• _Exercise instructions_: Set down the data below in full, exactly as it reads, but without the pictures.

Information shown below:

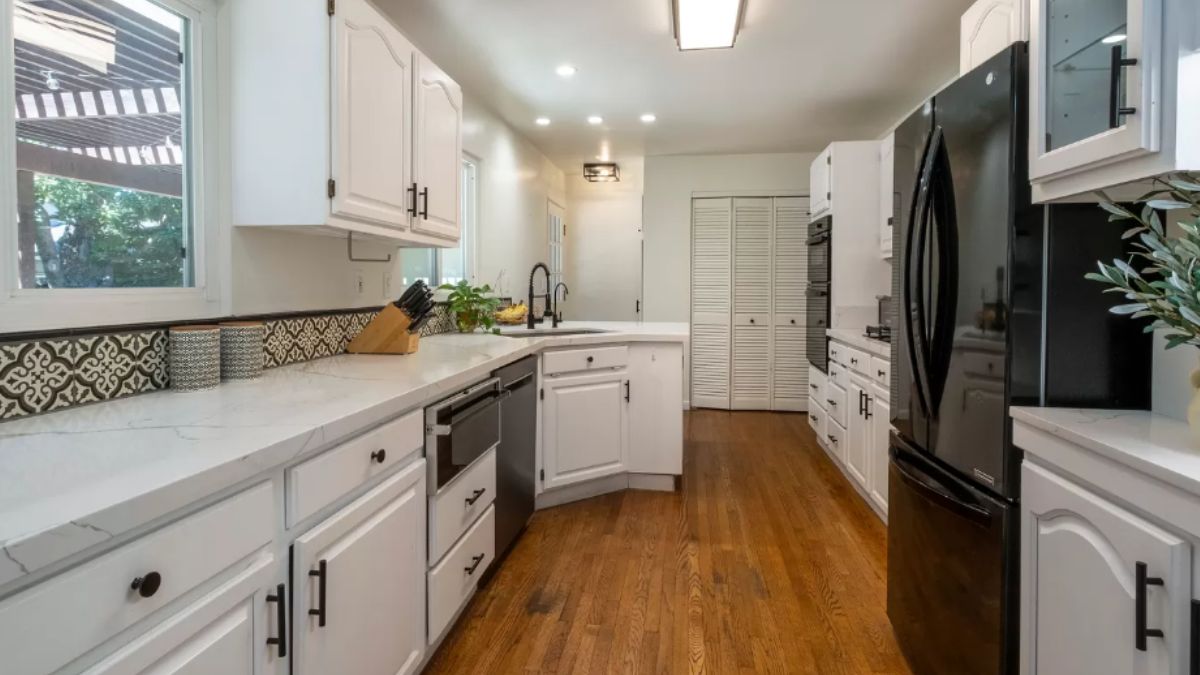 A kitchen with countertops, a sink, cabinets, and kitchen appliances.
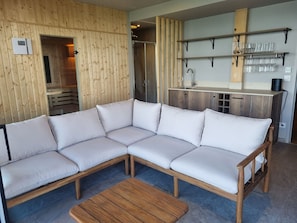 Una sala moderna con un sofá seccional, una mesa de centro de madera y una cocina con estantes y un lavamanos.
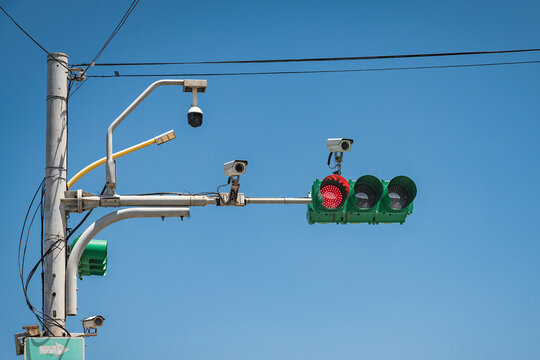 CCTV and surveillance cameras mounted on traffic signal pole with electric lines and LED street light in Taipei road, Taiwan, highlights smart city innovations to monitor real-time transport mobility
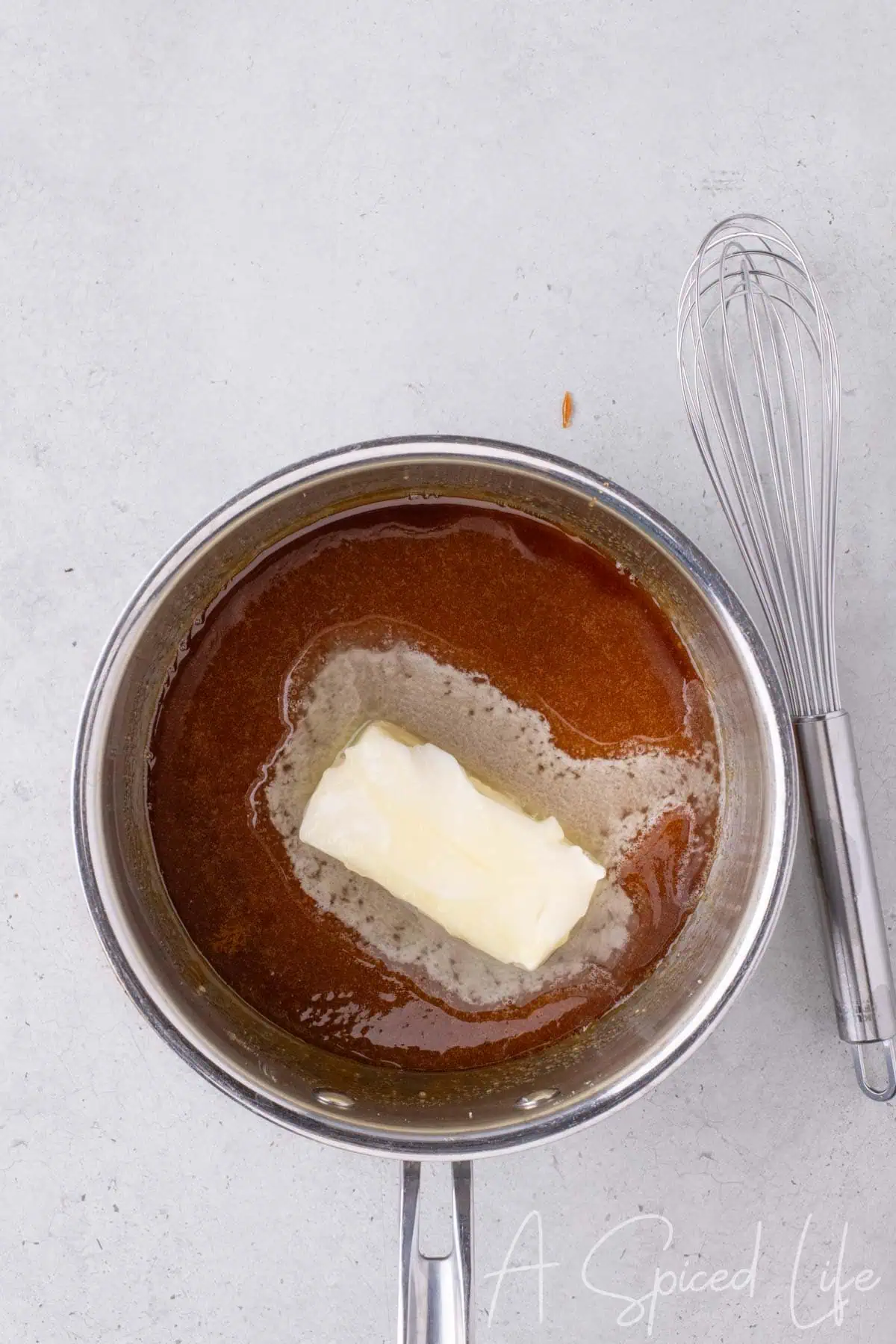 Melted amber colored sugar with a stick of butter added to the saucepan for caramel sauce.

End of Information shown.

• _Answer to this problem_:
 A kitchen with countertops, a sink, cabinets, and kitchen appliances.
 Una sala moderna con un sofá seccional, una mesa de centro de madera y una cocina con estantes y un lavamanos.
 CCTV and surveillance cameras mounted on traffic signal pole with electric lines and LED street light in Taipei road, Taiwan, highlights smart city innovations to monitor real-time transport mobility
 Melted amber colored sugar with a stick of butter added to the saucepan for caramel sauce.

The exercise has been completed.